# Kirkness, Portmoak, Kinross-shire, August 2010



## RedDave (Aug 23, 2010)

Kirkness is a large ruined farm containing several dwellings and a walled garden, near Loch Leven, here. It is also worth looking for it here.

There is very limited information about Kirkness on the web. It seems to have been owned by a Douglas family (Douglas of Kirkness). Inhabitants in 1841: 1841 Census.

It seems reasonable to conclude that the buildings became derelict early in the 20th century. Still, it makes a very picturesque ruin. Photographs taken around sunset.






Walled garden.










Back of the buildings.

























Front of the buildings.








































Front of the buildings.





Walled garden.





I cheated here. This sign is from a nearby farm called West Mains of Kirkness.


----------



## Labb (Aug 25, 2010)

Very nice pictures, thank you for posting.


----------



## Dieter_Schmidt (Aug 25, 2010)

Hmm, I occasionally work around that area, never even heard of this place. There's a weird sort of memorial/grave thingy in Scotlandwell though. At the end of Friar Place.


----------



## escortmad79 (Aug 26, 2010)

I really must get up to this one, it's not that far from me & have watched it for a while


----------



## Foxylady (Aug 26, 2010)

Oh, nice one.
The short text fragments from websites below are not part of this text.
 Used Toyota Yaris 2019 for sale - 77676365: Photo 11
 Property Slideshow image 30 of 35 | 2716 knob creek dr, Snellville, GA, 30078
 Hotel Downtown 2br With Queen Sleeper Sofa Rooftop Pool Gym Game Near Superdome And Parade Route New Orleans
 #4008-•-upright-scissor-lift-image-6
Lovely pics...you timed that great with the sunset.


----------



## WilliamD (Aug 27, 2010)

*Kirkness*

I am researching the family, Douglas of Kirkness, for the Douglas Archives.

I am confused by references to Kirkness in Orkney, which does not help. The lastest stage of my research can be found here>>> 

Can I ask a favour? May I use one of your photographs to illustrate the page?
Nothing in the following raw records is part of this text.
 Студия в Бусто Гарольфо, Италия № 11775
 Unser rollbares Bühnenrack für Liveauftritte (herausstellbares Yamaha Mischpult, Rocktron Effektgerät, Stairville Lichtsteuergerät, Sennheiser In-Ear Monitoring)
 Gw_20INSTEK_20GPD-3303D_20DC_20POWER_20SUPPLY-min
If you want to add to your article, please use anything from my website.

Yours aye,

William


----------



## RedDave (Aug 29, 2010)

WilliamD said:


> I am researching the family, Douglas of Kirkness, for the Douglas Archives.
> 
> I am confused by references to Kirkness in Orkney, which does not help. The lastest stage of my research can be found here>>>
> 
> ...



Yes, that's OK. Thanks for asking, and I'll provide a link to your page.


----------



## nh7740 (Sep 7, 2010)

Local info suggests it was a monastey with the monks atone time attempting to dig a tunnel to rescue Mary Queen of Scots on castle island.


----------



## RedDave (Sep 7, 2010)

nh7740 said:


> Local info suggests it was a monastey with the monks atone time attempting to dig a tunnel to rescue Mary Queen of Scots on castle island.



Any proof or is this just lo cal folklore? (Which is still interesting, and I'd like to hear more.)

Sure you're not thinking of St Serf's Priory (also called Portmoak)? It's nearby, but a bit far to dig a tunnel to Loch Leven Castle where Mary was imprisoned.


----------